## What to do:
Take the line containing "Guyana flag - solid" and all lines after it, through the end of the material, and repeat them exactly, pictures left out.

## Data excerpt:
**********
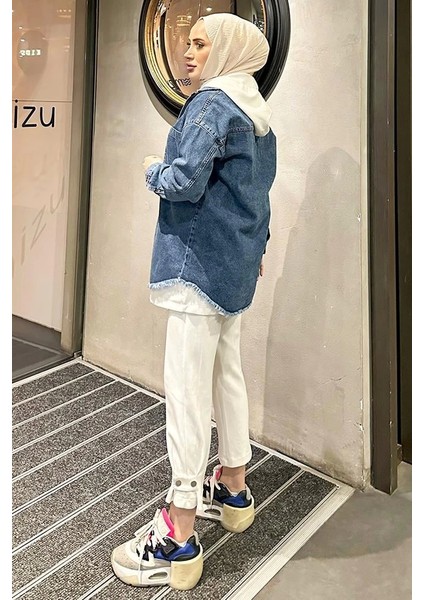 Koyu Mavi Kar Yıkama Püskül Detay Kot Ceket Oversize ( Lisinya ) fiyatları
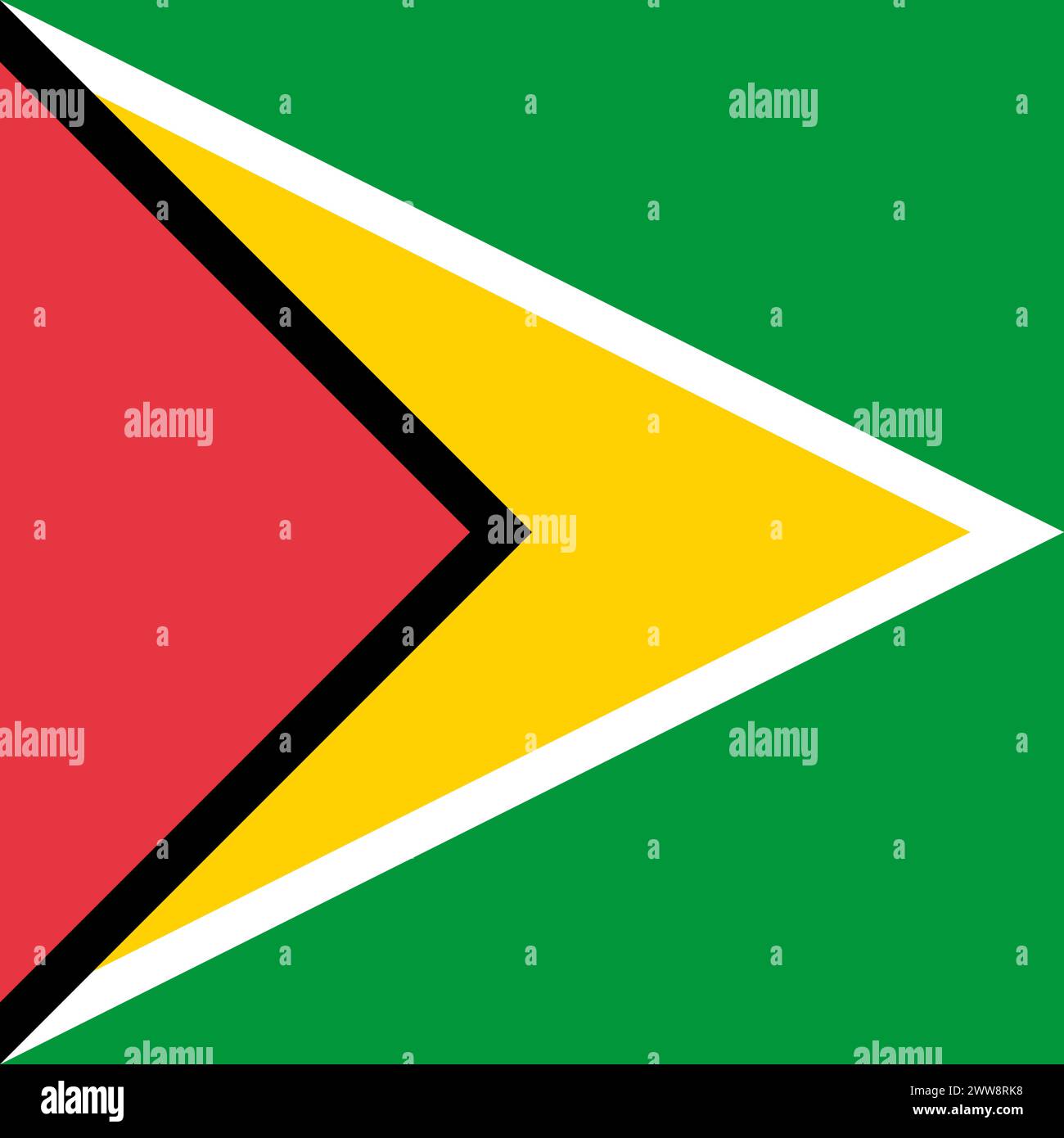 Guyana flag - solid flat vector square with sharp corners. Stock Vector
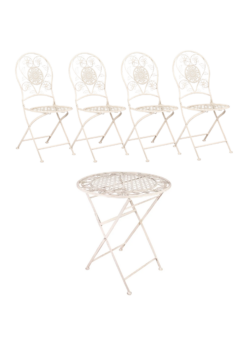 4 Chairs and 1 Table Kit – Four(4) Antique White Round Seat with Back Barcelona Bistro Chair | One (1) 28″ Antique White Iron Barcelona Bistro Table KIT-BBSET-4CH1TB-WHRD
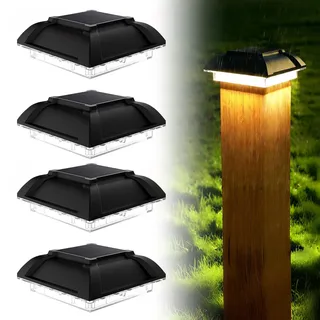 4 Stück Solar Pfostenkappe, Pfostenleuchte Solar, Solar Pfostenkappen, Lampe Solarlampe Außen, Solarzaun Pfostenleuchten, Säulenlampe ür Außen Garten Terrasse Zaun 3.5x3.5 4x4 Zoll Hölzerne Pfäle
**********
## Reply:
 Guyana flag - solid flat vector square with sharp corners. Stock Vector
 4 Chairs and 1 Table Kit – Four(4) Antique White Round Seat with Back Barcelona Bistro Chair | One (1) 28″ Antique White Iron Barcelona Bistro Table KIT-BBSET-4CH1TB-WHRD
 4 Stück Solar Pfostenkappe, Pfostenleuchte Solar, Solar Pfostenkappen, Lampe Solarlampe Außen, Solarzaun Pfostenleuchten, Säulenlampe ür Außen Garten Terrasse Zaun 3.5x3.5 4x4 Zoll Hölzerne Pfäle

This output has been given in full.